Let Grocery Store Self-Checkout Act as Your Coin Counting Machine
A creative option for cashing in your coins is as convenient as your local grocery, home, or big-box store. By using the self-checkout lane, you can insert coins into the machine, and it will accept your coins the same way it would accept cash. This is a fee-free option worth considering if you can make it to the store during a time when it’s not too busy.
Make Sure You Aren’t Getting Rid of Rare Coins for Merely Face Value!
Before you cash in your coins, make sure you don’t have a rare coin. Though it is a long shot, it is worth looking through your coins to make sure you’re not in possession of a rare or otherwise valuable coin.
- Two of the easiest ways to check for rare coins is to see if your pennies are made of copper, and if your nickels, dimes, and quarters are made of silver.
- Prior to 1982, US pennies were made with 95% copper, meaning that coin and metal collectors will pay top dollar for pennies minted before 1982.
- Any nickel, dime, or quarter minted prior to 1964 will contain silver, another precious metal that metal collectors will pay top dollar for!
- There is the off chance that you are in possession of a rare buffalo nickel, but the only way to be sure is to look.
- If you happen upon a rare coin, your best bet is to go to a certified coin dealer to find out what it’s worth.

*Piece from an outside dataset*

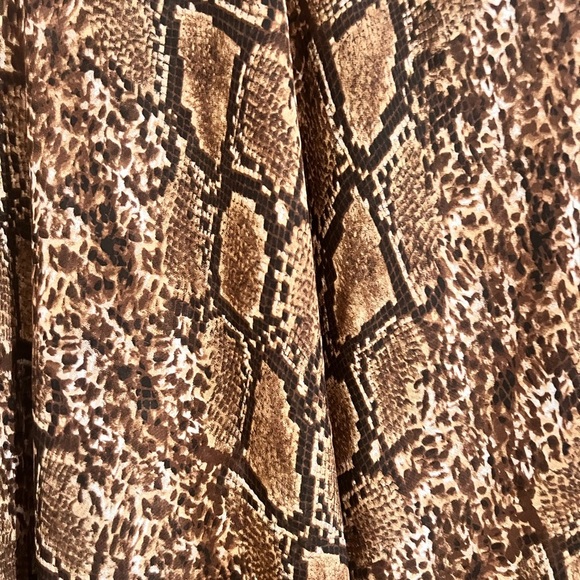 Show Me Your MuMu Snakeprint Transparent Tunic - Picture 3 of 5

Where to Find Coin Counter Machines: Conclusion
The bottom line is that you have many options for using coin counting machines near you. And really, as long as you’re not presenting a 50-pound bag of pennies to a cashier, coins are legal tender and can be used for everyday purchases — so in a pinch, even if it isn’t ideal, you can purchase a gallon of milk with quarters. Granted, while you wouldn’t want to pay for a first date or anniversary dinner with pennies and quarters, you shouldn’t feel ashamed for using legal tender as it was meant to be used: for purchases. Good luck finding a coin counting machine near you!